Marilah kita lihat teks yang dituliskan Marx pada waktu ia berusia 25 tahun, Kritik atas Doktrin Hegel tentang Negara:
‘Hegel membuat predikat, objek-objek, menjadi otonom, tetapi ia melakukannya dengan memisahkan predikat itu dari otonominya yang sesungguhnya, yakni subjeknya. Subjek yang sesungguhnya kemudian nampak sebagai hasil, padahal pendekatan yang tepat mesti berangkat dari subjek yang sesungguhnya dan kemudian mempertimbangkan objektifikasinya. [Dalam Hegel] substansi mistik lalu menjadi subjek yang nyata, sementara subjek aktual nampak sebagai sesuatu yang lain, yakni sebagai momen dari substansi mistik. […] Hegel tidak berangkat dari keberadaan aktual (hupokeimenon) tetapi dari predikat determinasi universal.’ (Marx 1992: 80)
Apabila kita abstraksikan seluruh dekorasi retoris dan ringkaskan inti argumen dari pemaparan Marx di muka, kita memperoleh dua proposisi yang berturut-turut merepresentasikan posisi Hegel (menurut Marx) dan posisi Marx:
Posisi Hegel: predikat dapat ada terpisah dari subjek dan subjek tak lain ketimbang manifestasi tertentu dari predikat
Posisi Marx: predikat tidak dapat ada terpisah dari subjek dan adanya predikat dikondisikan oleh adanya subjek
Pertama-tama, kita mesti klarifikasi apa yang dimaksud dengan ‘subjek’ dan ‘predikat’ di sini.

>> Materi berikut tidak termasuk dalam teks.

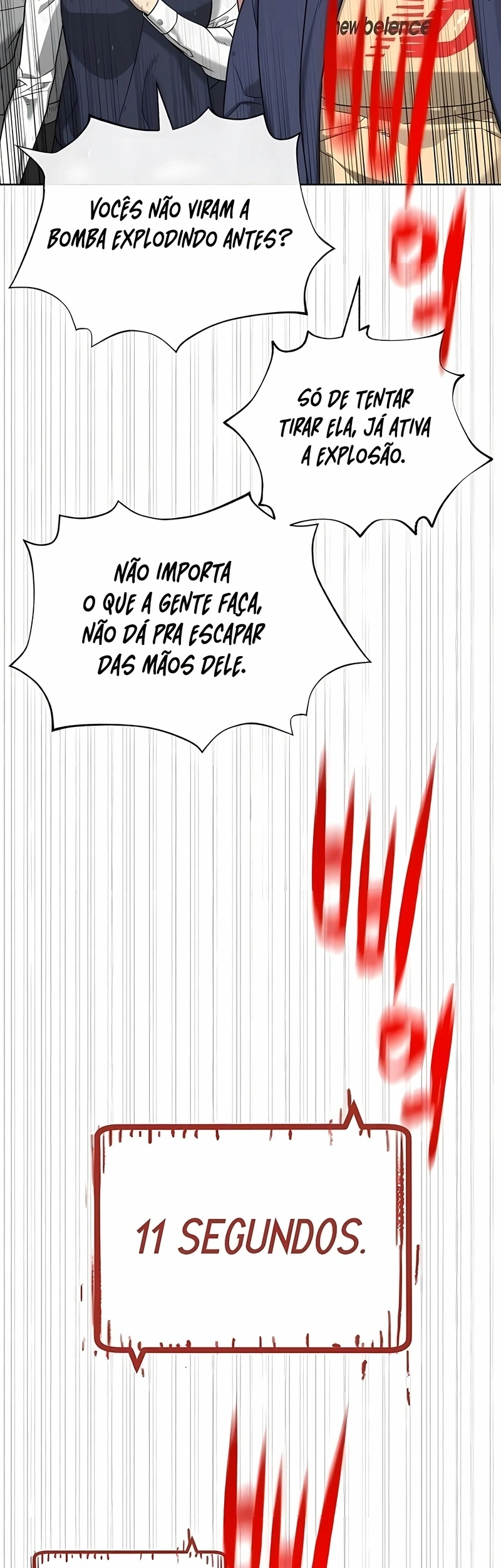Assassino Pietro Capítulo 100 Página 57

Kedua istilah tersebut dimengerti di sini dalam pengertian logisnya. Dalam proposisi ‘S adalah P’ (misalnya, ‘Joko itu baik,’ ‘meja ini berwarna merah,’ ‘tembok ini tebalnya 30 cm’), ‘S’ adalah subjek dan ‘P’ ialah predikatnya. Secara umum, subjek adalah hal (atau disebut juga ‘substansi’) yang dikenai sifat, sementara predikat adalah sifat atau relasi yang dikenakan pada suatu hal. Setelah kita menangkap pengertian logis subjek dan predikat, kita dapat memahami perbedaan posisi Marx dan Hegel melalui parafrase:
Posisi Hegel: ada sifat atau relasi tanpa hal (atau substansi) yang disifatkan dan substansi tak lain daripada kumpulan sifat-sifat atau relasi.

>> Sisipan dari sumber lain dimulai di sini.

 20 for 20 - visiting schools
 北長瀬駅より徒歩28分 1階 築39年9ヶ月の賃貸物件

Posisi Marx: tidak ada sifat atau relasi tanpa hal (atau substansi) yang disifatkan atau dihubungkan dan adanya sifat atau relasi tersebut dikondisikan oleh substansi.

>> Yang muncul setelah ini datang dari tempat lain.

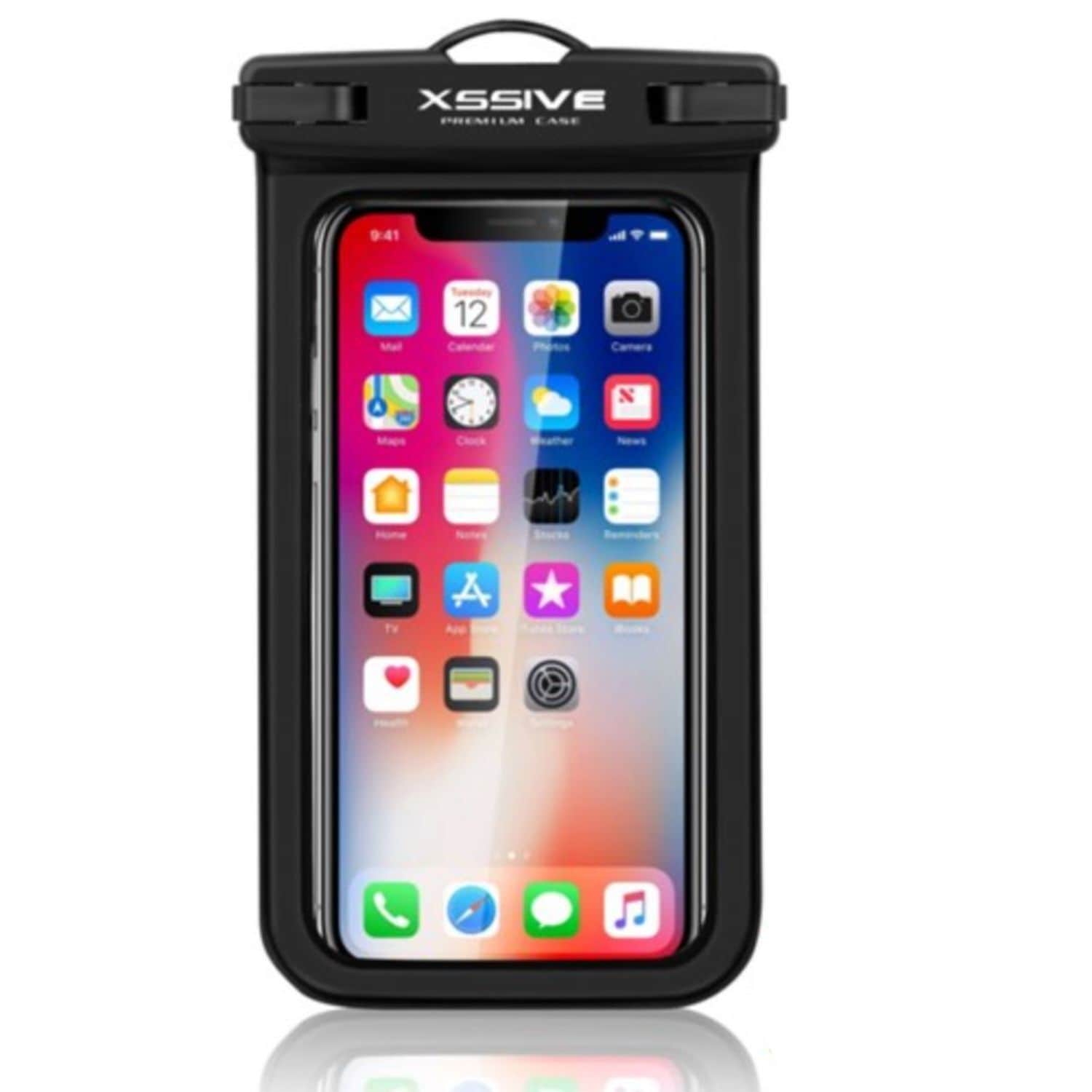 Universal Handyh&uuml;lle Wasserdichte Handytasche - Bild 1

Kini kita akan menempatkan kembali pemahaman kita ke dalam konteks perdebatan dalam teks di muka. Dalam bagian yang kita kutip tadi, Marx tengah mempersoalkan cara Hegel memahami kedaulatan (sovereignty). Hegel membuat kedaulatan menjadi esensi yang sudah ada sebelum adanya negara atau warga negara yang berdaulat sedemikian, sehingga negara dan warga negara itu tak lain ketimbang inkarnasi dari ‘roh’ kedaulatan. Marx menunjukkan, sebaliknya, bahwa tak ada kedaulatan tanpa hal yang berdaulat (entah negara atau warga negara). Sifat, misalnya, ‘berdaulat’, hanya ada dalam hal yang menjadi landasan tempat dikenainya sifat tersebut, sehingga karakteristik dari sifat seperti ‘berdaulat’ dikondisikan oleh landasan tersebut, yakni rakyat yang tertentu.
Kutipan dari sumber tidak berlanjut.